(Study material)
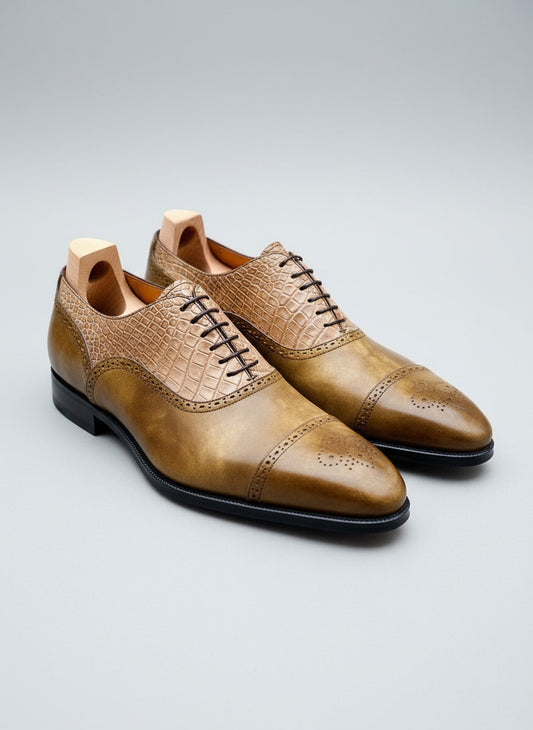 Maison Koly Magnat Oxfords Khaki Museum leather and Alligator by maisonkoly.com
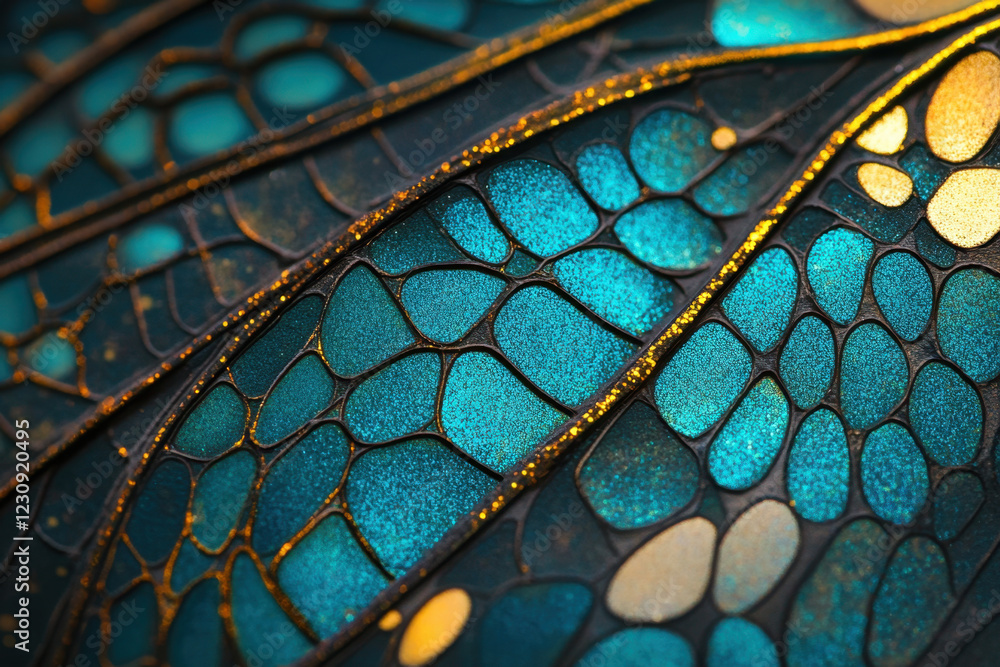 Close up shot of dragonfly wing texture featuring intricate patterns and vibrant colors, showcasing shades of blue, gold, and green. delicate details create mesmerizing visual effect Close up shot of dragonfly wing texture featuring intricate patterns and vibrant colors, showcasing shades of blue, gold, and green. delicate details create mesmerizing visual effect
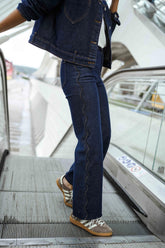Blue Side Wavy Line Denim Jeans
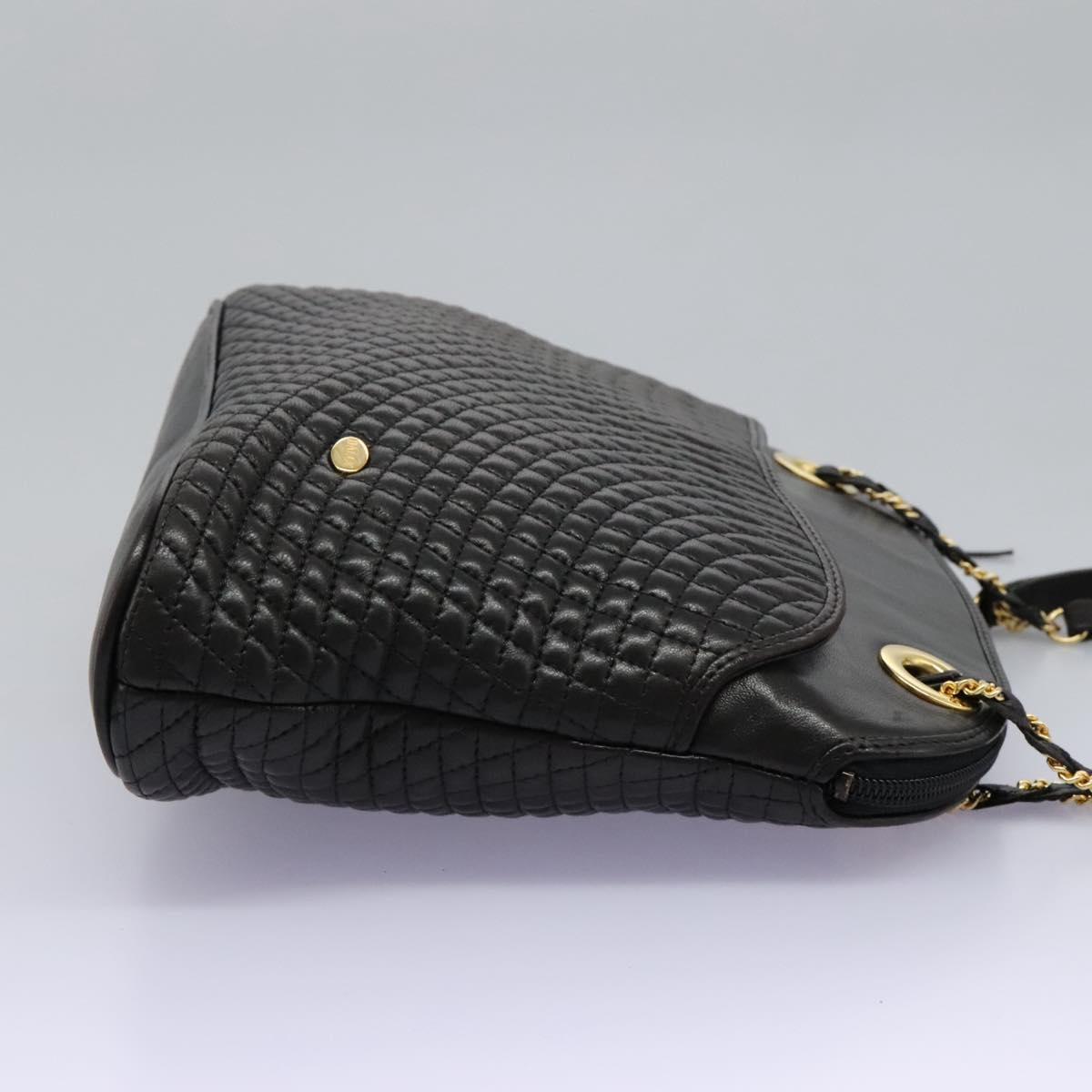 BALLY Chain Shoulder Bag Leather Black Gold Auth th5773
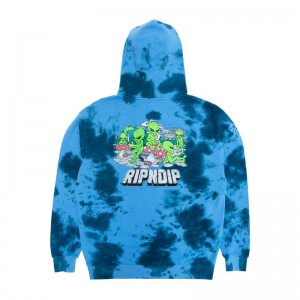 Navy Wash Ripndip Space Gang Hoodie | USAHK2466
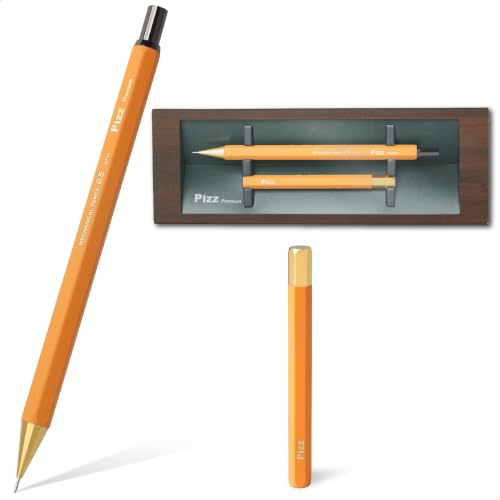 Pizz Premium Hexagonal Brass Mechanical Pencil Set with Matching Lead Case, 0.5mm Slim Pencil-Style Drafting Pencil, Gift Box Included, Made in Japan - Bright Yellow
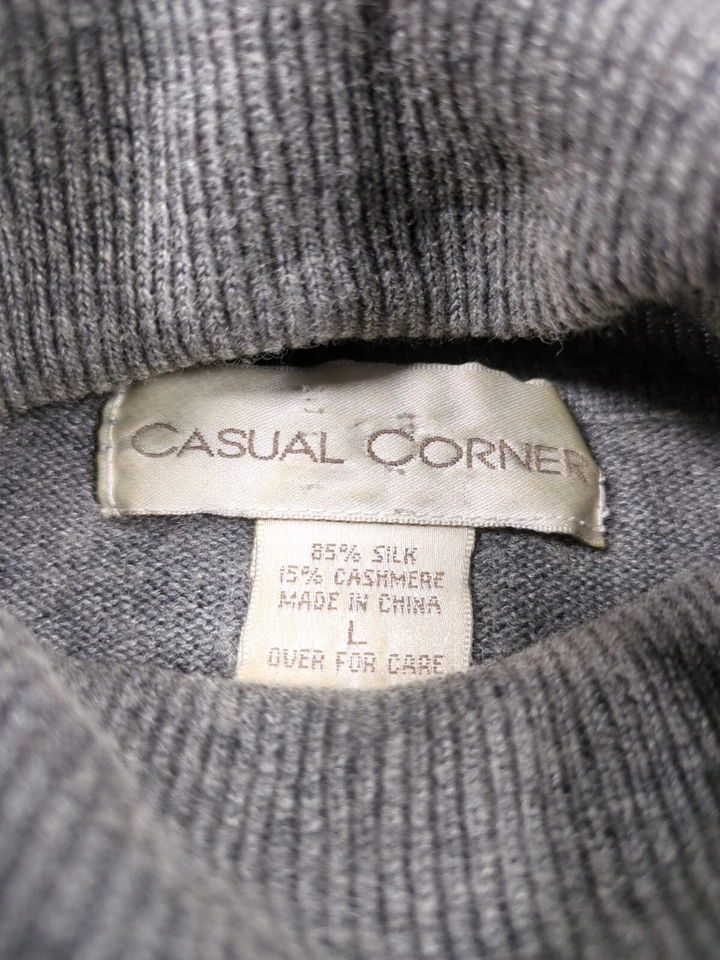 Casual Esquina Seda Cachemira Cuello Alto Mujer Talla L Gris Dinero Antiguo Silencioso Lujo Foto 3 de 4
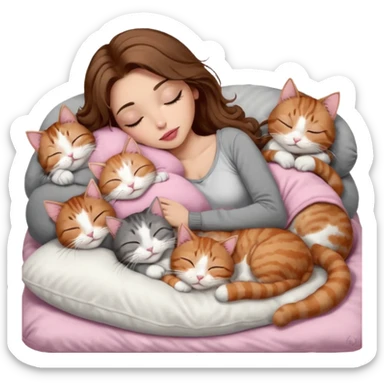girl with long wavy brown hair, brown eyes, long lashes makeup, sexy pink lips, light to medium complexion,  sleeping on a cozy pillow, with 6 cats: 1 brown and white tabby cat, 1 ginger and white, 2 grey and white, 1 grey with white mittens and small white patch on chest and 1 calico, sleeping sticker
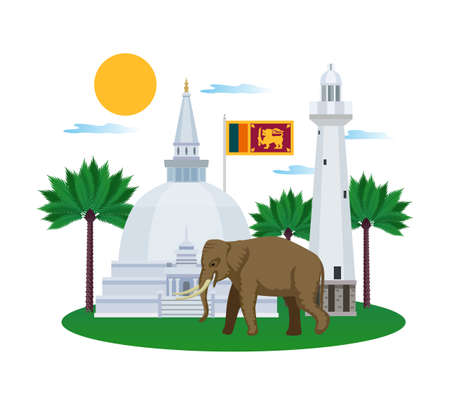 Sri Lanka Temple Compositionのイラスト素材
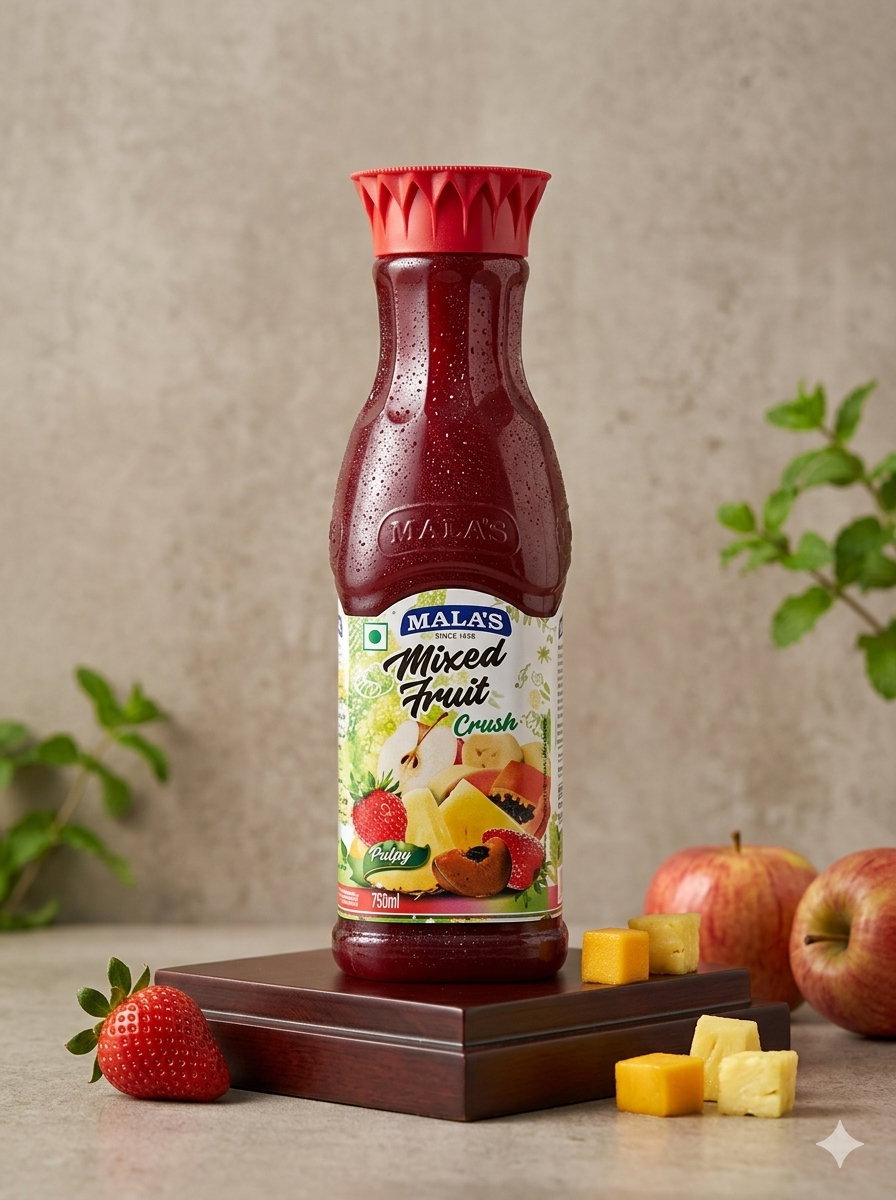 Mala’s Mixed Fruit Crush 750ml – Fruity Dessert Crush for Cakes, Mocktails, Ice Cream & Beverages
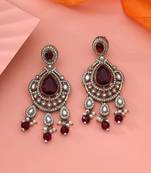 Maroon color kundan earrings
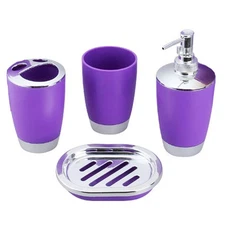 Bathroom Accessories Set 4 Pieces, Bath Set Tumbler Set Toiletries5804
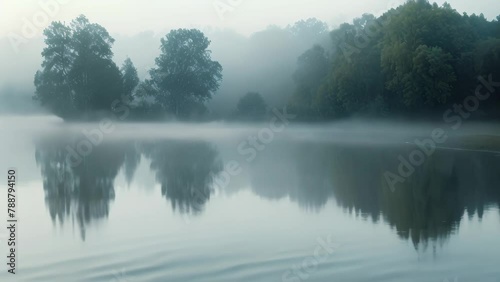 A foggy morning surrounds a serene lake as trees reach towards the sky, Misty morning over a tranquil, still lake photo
(End Study material)
Every record above must be copied exactly; none of the pictures belong in the copy.

◆ **Written solution**
 Maison Koly Magnat Oxfords Khaki Museum leather and Alligator by maisonkoly.com
 Close up shot of dragonfly wing texture featuring intricate patterns and vibrant colors, showcasing shades of blue, gold, and green. delicate details create mesmerizing visual effect Close up shot of dragonfly wing texture featuring intricate patterns and vibrant colors, showcasing shades of blue, gold, and green. delicate details create mesmerizing visual effect
Blue Side Wavy Line Denim Jeans
 BALLY Chain Shoulder Bag Leather Black Gold Auth th5773
 Navy Wash Ripndip Space Gang Hoodie | USAHK2466
 Pizz Premium Hexagonal Brass Mechanical Pencil Set with Matching Lead Case, 0.5mm Slim Pencil-Style Drafting Pencil, Gift Box Included, Made in Japan - Bright Yellow
 Casual Esquina Seda Cachemira Cuello Alto Mujer Talla L Gris Dinero Antiguo Silencioso Lujo Foto 3 de 4
girl with long wavy brown hair, brown eyes, long lashes makeup, sexy pink lips, light to medium complexion,  sleeping on a cozy pillow, with 6 cats: 1 brown and white tabby cat, 1 ginger and white, 2 grey and white, 1 grey with white mittens and small white patch on chest and 1 calico, sleeping sticker
 Sri Lanka Temple Compositionのイラスト素材
 Mala’s Mixed Fruit Crush 750ml – Fruity Dessert Crush for Cakes, Mocktails, Ice Cream & Beverages
 Maroon color kundan earrings
 Bathroom Accessories Set 4 Pieces, Bath Set Tumbler Set Toiletries5804
 A foggy morning surrounds a serene lake as trees reach towards the sky, Misty morning over a tranquil, still lake photo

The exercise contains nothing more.